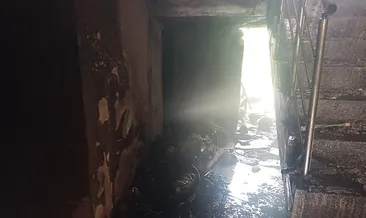 Bafra’da yangın paniği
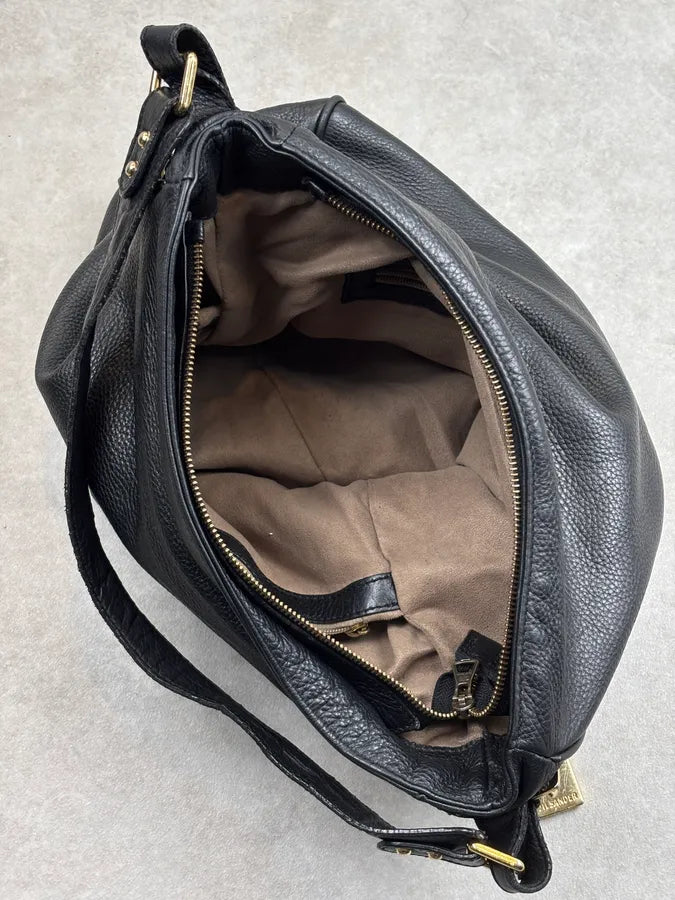 Jil Sander Black Leather Hobo Shoulder Bag DAsnuwg 13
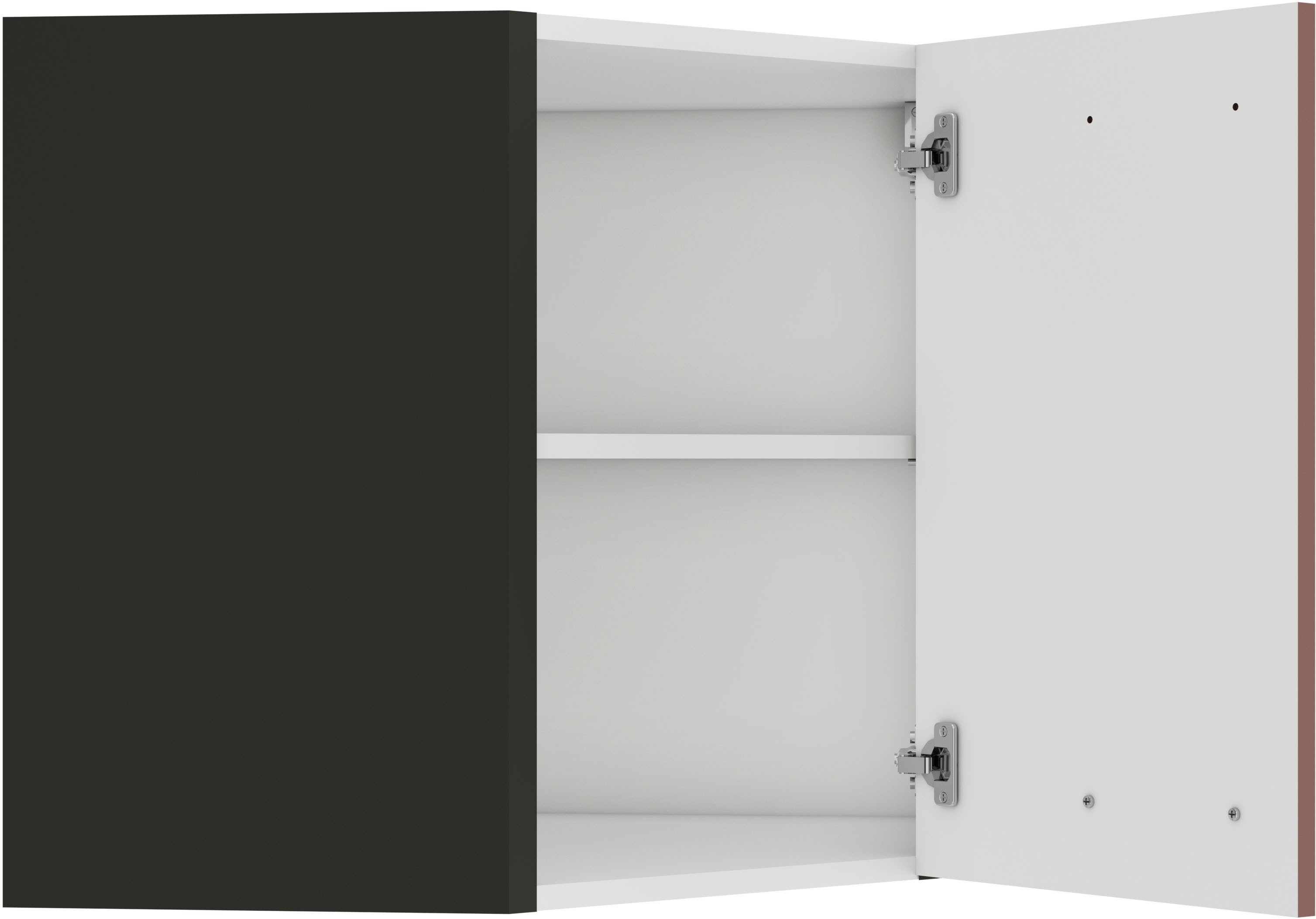 OPTIFIT Hangend hoekkastje Palma Breedte 60 x 60 cm, deuropening verwisselbaar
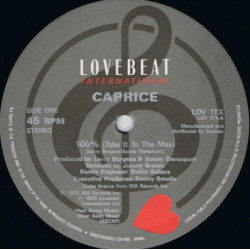 Caprice - 100% (Take It To The Max / Voiceless) 12" Vinyl Record
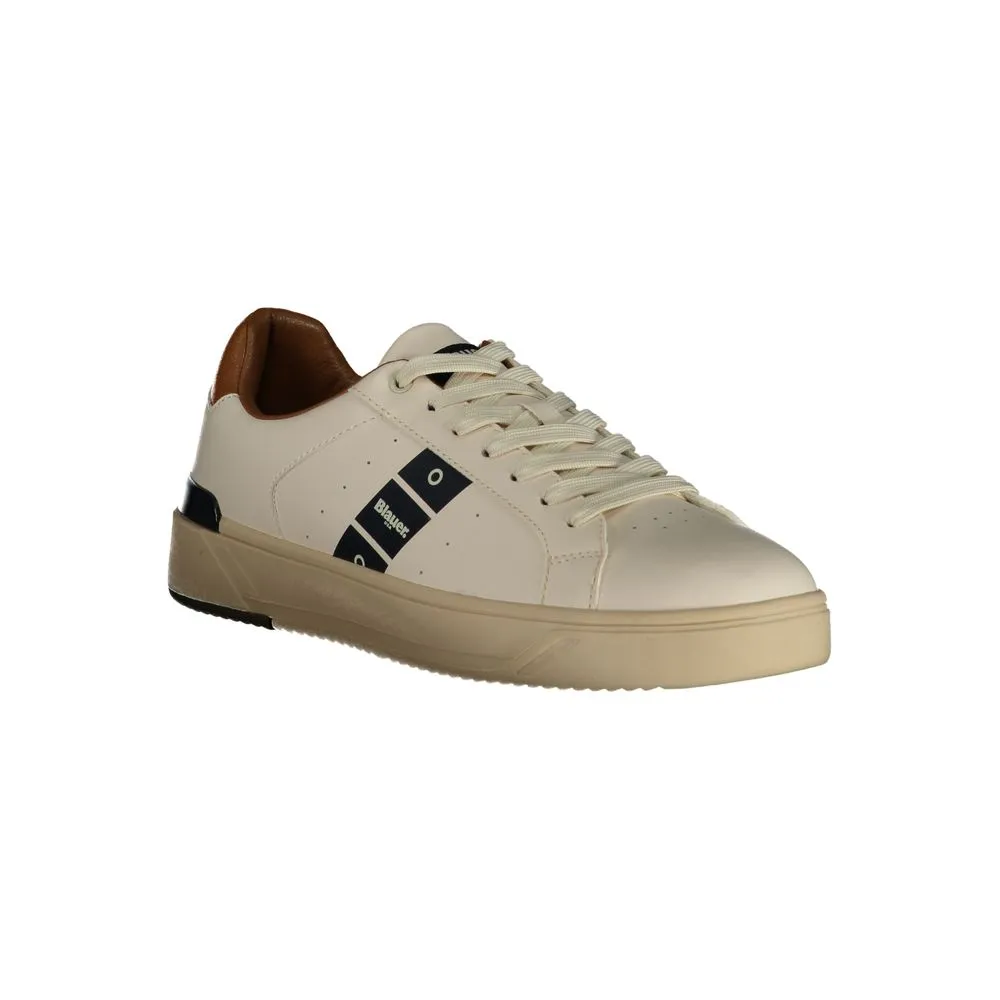 Java Casual Waterproof Shoe Blauer White Leather Men Sneaker
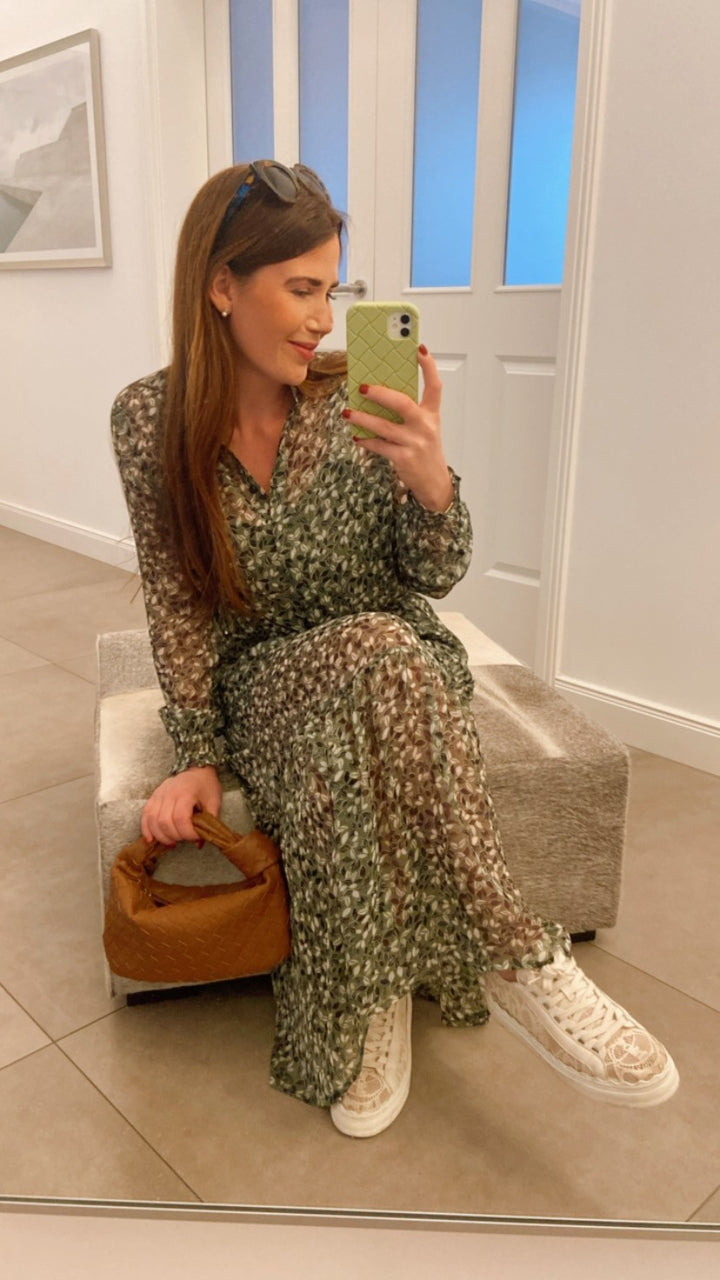Maxi-Kleid - Grün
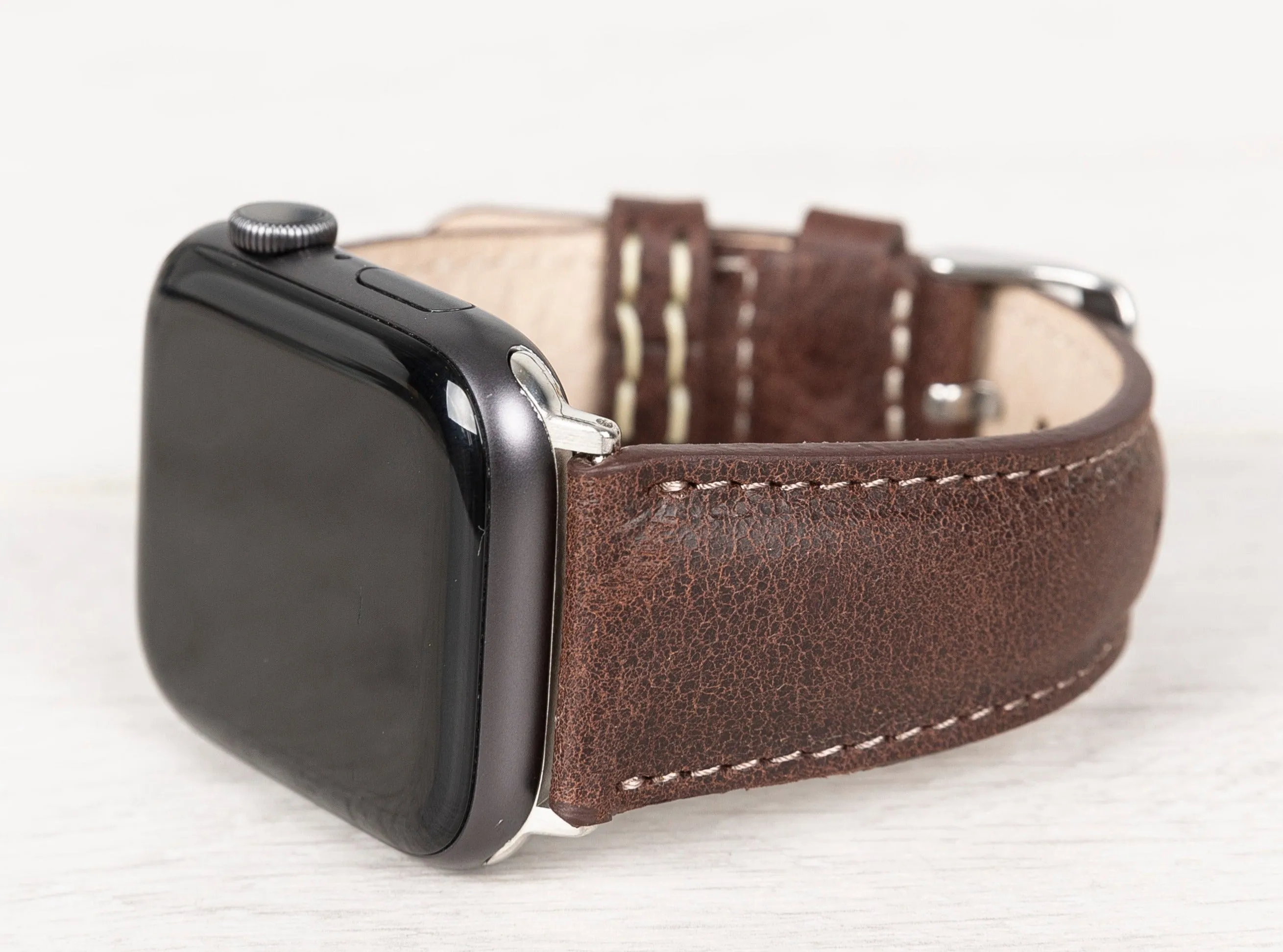 Brown Leather Classic Apple Watch Band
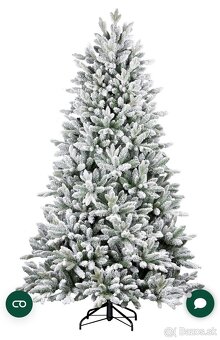 Vianocny stromcek 180cm - zasnezeny - 2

* [YOUR TASK] Once you find the line that contains "Caprice - 100%", reproduce it and every line after it through the end of the entries above, exactly as written, with no pictures.

* [RESULT OF THIS EXERCISE]
 Caprice - 100% (Take It To The Max / Voiceless) 12" Vinyl Record
 Java Casual Waterproof Shoe Blauer White Leather Men Sneaker
Maxi-Kleid - Grün
 Brown Leather Classic Apple Watch Band
 Vianocny stromcek 180cm - zasnezeny - 2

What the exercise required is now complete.